◆ **Short descriptive text snippets**
'''
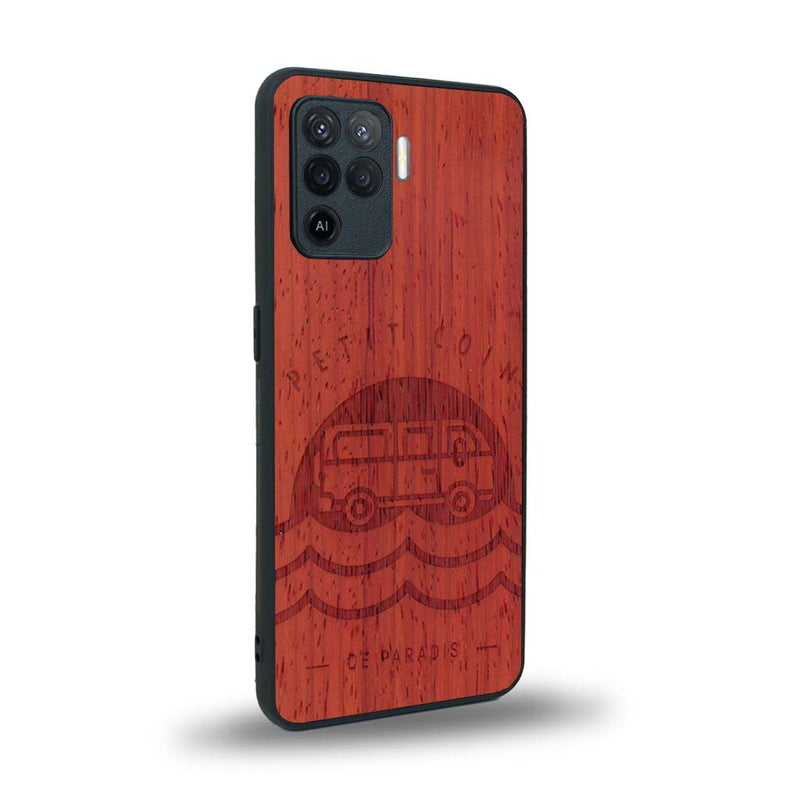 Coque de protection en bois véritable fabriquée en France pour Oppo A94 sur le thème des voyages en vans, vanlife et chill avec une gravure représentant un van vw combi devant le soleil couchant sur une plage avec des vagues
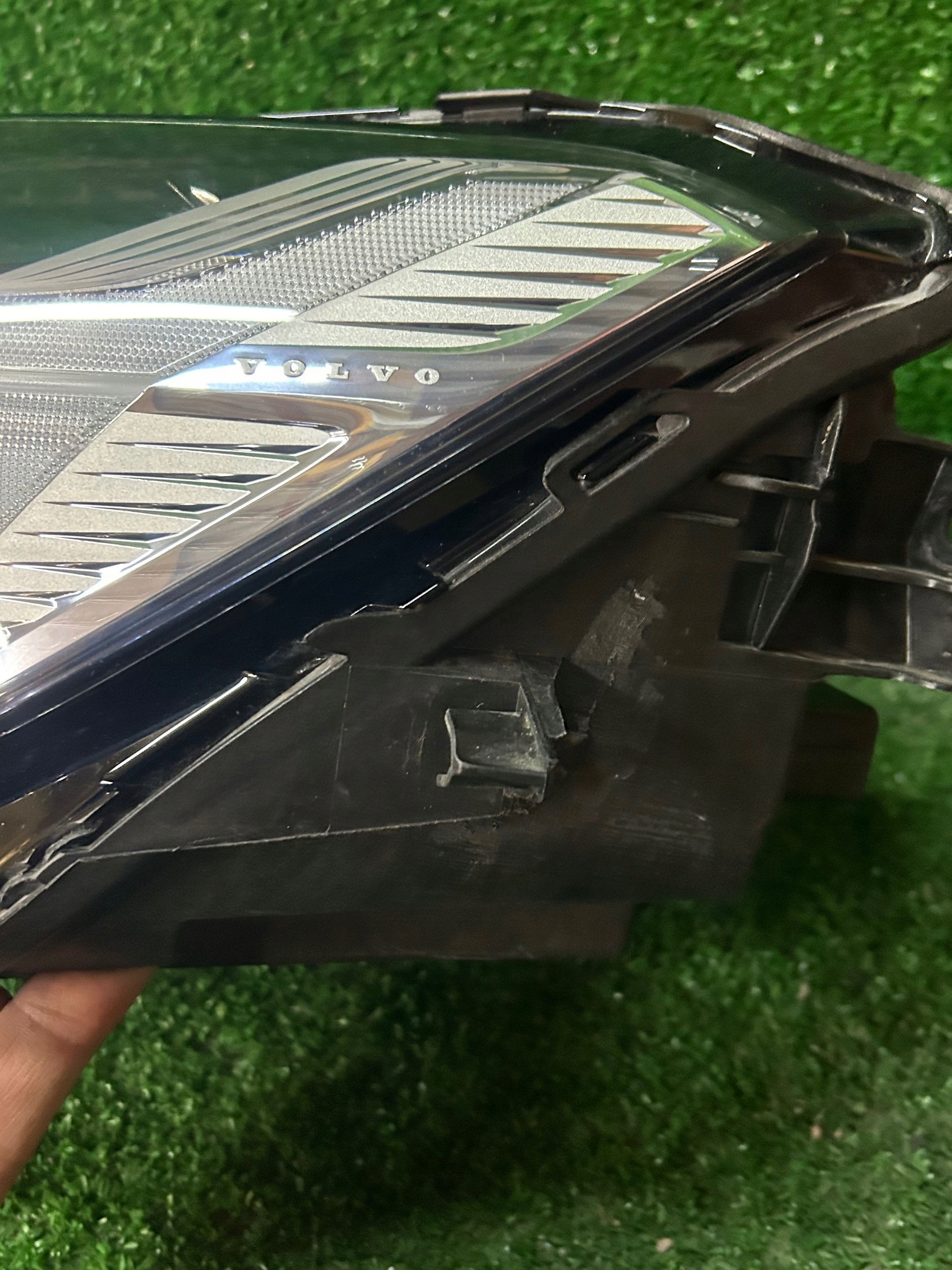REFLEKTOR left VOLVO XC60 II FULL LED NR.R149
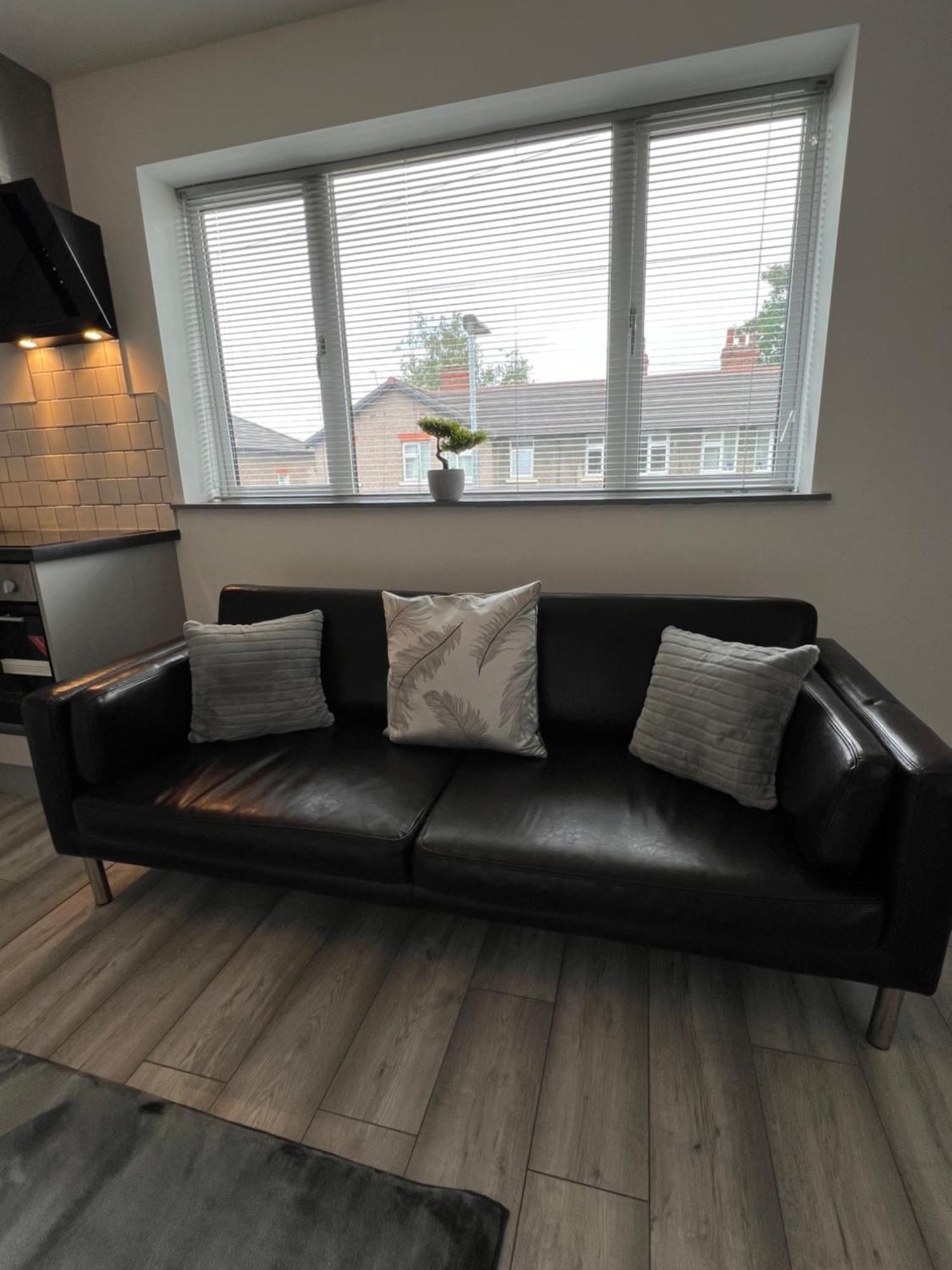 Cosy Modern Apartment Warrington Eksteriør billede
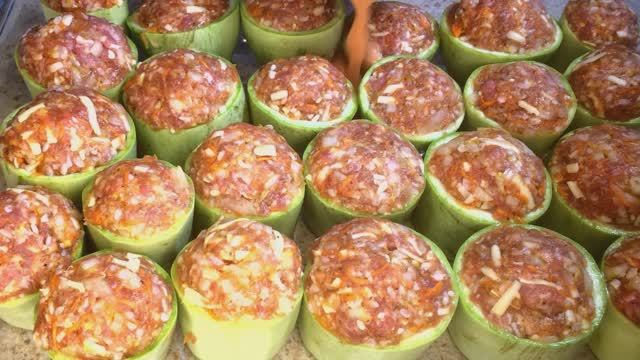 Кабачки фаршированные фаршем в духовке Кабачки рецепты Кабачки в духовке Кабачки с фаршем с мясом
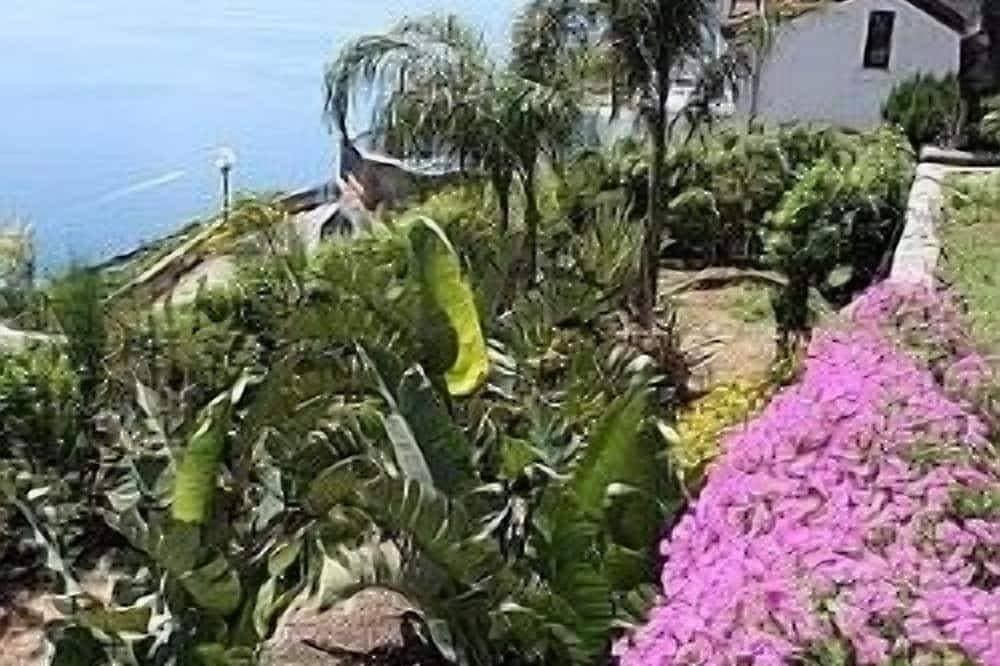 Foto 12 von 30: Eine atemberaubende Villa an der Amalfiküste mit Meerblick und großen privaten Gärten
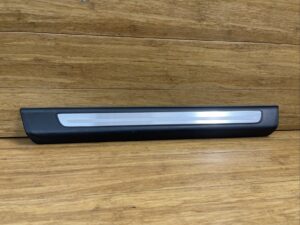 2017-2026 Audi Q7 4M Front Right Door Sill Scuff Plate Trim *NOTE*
'''
◆ **WHAT YOU ARE ASKED TO DO**
Could you return all the entries exactly as they appear, minus the pictures?

◆ **EXERCISE RESULT**
 Coque de protection en bois véritable fabriquée en France pour Oppo A94 sur le thème des voyages en vans, vanlife et chill avec une gravure représentant un van vw combi devant le soleil couchant sur une plage avec des vagues
REFLEKTOR left VOLVO XC60 II FULL LED NR.R149
 Cosy Modern Apartment Warrington Eksteriør billede
 Кабачки фаршированные фаршем в духовке Кабачки рецепты Кабачки в духовке Кабачки с фаршем с мясом
 Foto 12 von 30: Eine atemberaubende Villa an der Amalfiküste mit Meerblick und großen privaten Gärten
 2017-2026 Audi Q7 4M Front Right Door Sill Scuff Plate Trim *NOTE*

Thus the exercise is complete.